Agenda social, Medef Lab et vice-présidente aux idées et à la prospective

Car, d’ores et déjà, les dossiers s’accumulent sur ce qui devient désormais son bureau – la passation officielle de pouvoir aura lieu le 17 juillet – au dernier étage du 55, avenue Bosquet, à Paris. Pas le temps de souffler : il va falloir s’attaquer dès la rentrée au second volet de l’agenda autonome des partenaires sociaux, dont le programme vient d'être bouclé par son prédécesseur, avec ses homologues de la CPME et de l’U2P, ainsi qu’avec les dirigeants des organisations syndicales. Et le calendrier est chargé : gouvernance des groupes de protection sociale qui doit commencer dès cet été ; convention quadriennale Agirc-Arrco prévue pour s’engager à la rentrée ; lancement du comité de suivi de l’ANI télétravail de 2020 : lancement du comité paritaire de transposition de l’ANI sur le partage de la valeur ; diagnostic sur la prévoyance des non-cadres et valorisation des parcours syndicaux. Autant de négociations à venir pour lesquelles il va falloir trouver des négociateurs patronaux dans le cadre d’un état-major du Medef à reconstituer d’urgence.

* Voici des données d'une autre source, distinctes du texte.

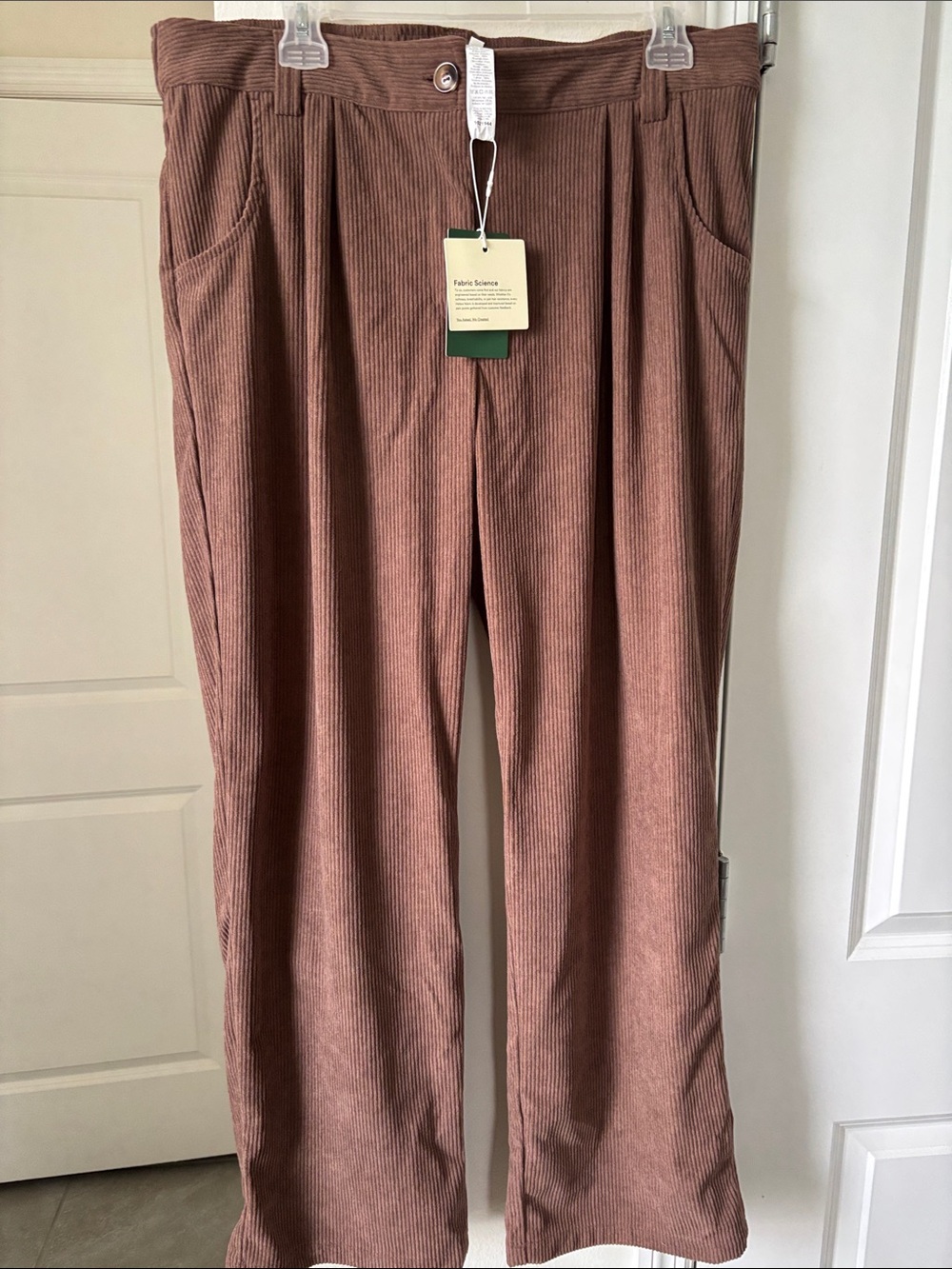 HALARA Wide-Leg Corduroy Pants in Brown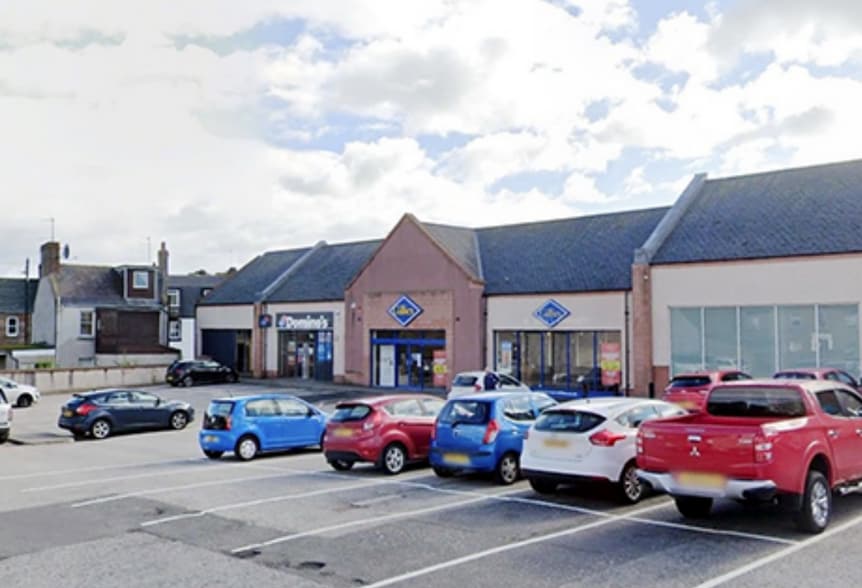 New Wynd, Montrose for sale - Building Photo - Image 2 of 3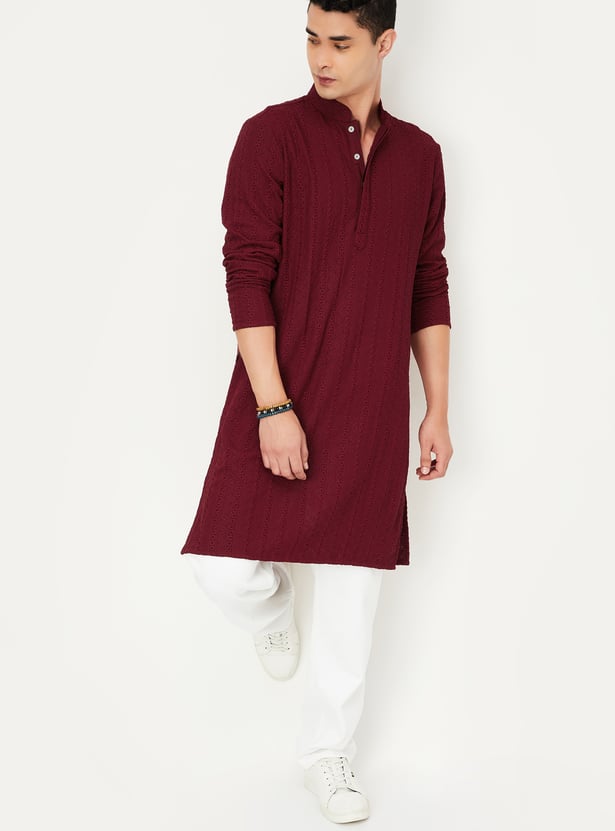 Men Embroidered Straight Kurta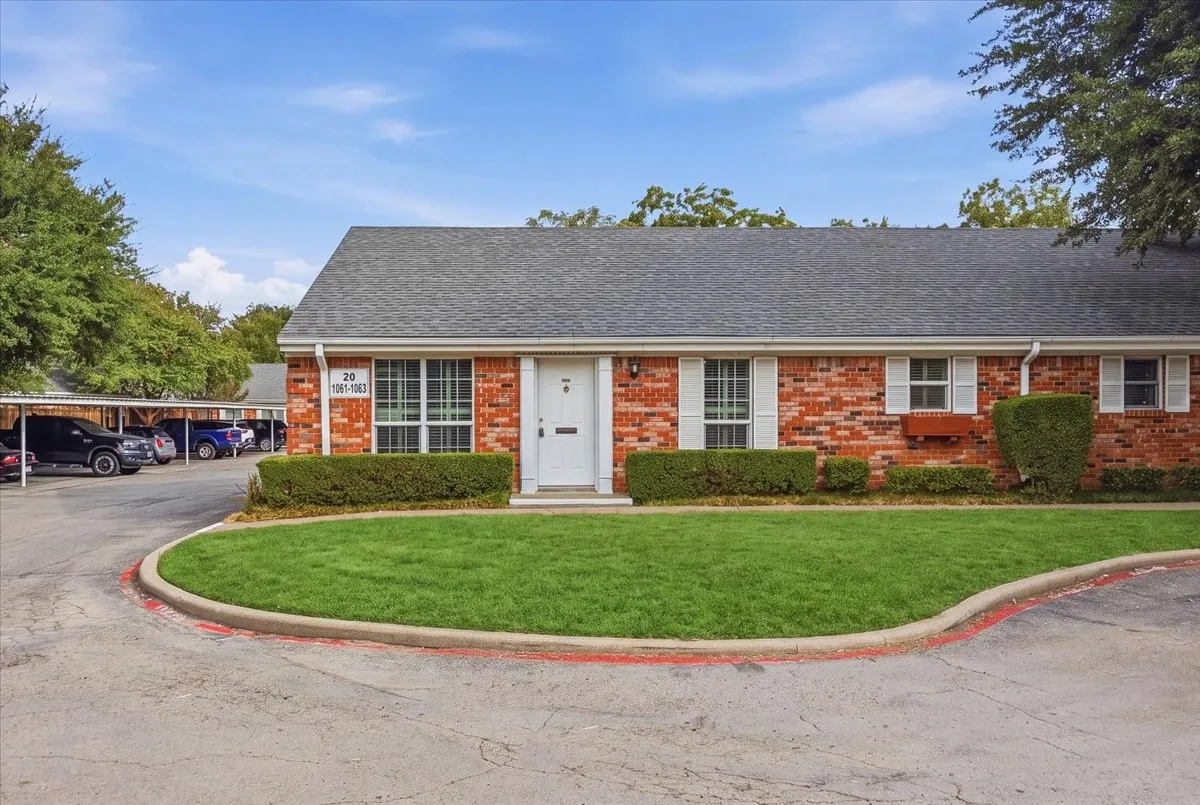 Condominium For Sale in Tarrant County , 1061 Roaring Springs Road, Fort Worth, Texas 76114, 2 Bedroom, 2 Bathroom, Garage spaces, 1,333 Sqft, built in 1970, mls#21399155, Real Estate Agent in Fort Worth, Homes For Sale in Tarrant county, Homes For Sale in Fort Worth, Realtor in Fort Worth Texas, Real Estate Brokerage Independent Realty Texas, Luminita Cordes Realtor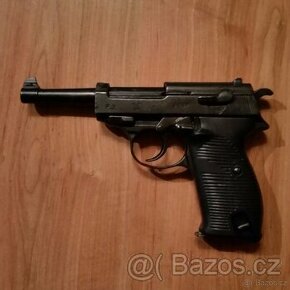 Německá pistole Walther P38 - pěkná replika DENIX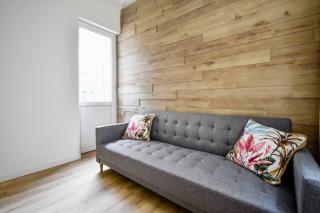 Live The City In A Designer Apartment Near Main St - 5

C’est d’ailleurs l’autre défi immédiat qui attend Patrick Martin : renouveler l’exécutif de l’organisation et y faire revenir les penseurs susceptibles de redonner une colonne vertébrale doctrinale à l’organisation. Une absence qui a lourdement pesé ces cinq dernières années au sein d’un Medef qui s’est un peu laissé porter par les réformes initiées par l’exécutif et qui allaient dans son sens. Mais alors que, galvanisés par la lutte contre la réforme des retraites, les syndicats ont retrouvé du poil de la bête, le Medef, lui, s’est un peu endormi dans un confort ouaté… Si le nouveau patron des patrons entend bien continuer à accompagner le Gouvernement dans ses réformes de baisse du coût du travail et d’augmentation de l’âge légal de départ à la retraite, il sait que le mouvement va devoir recommencer à phosphorer. Dans son programme, Patrick Martin entendait mettre sur pied un « Medef lab » chargé, en collaboration avec différents think tanks, de faire revenir les intellos rue Bosquet. Et même de créer un poste inédit de vice-présidente en charge des idées et de la prospective, qu’il compte proposer à « une femme entrepreneuse de haut niveau ». Tout un programme.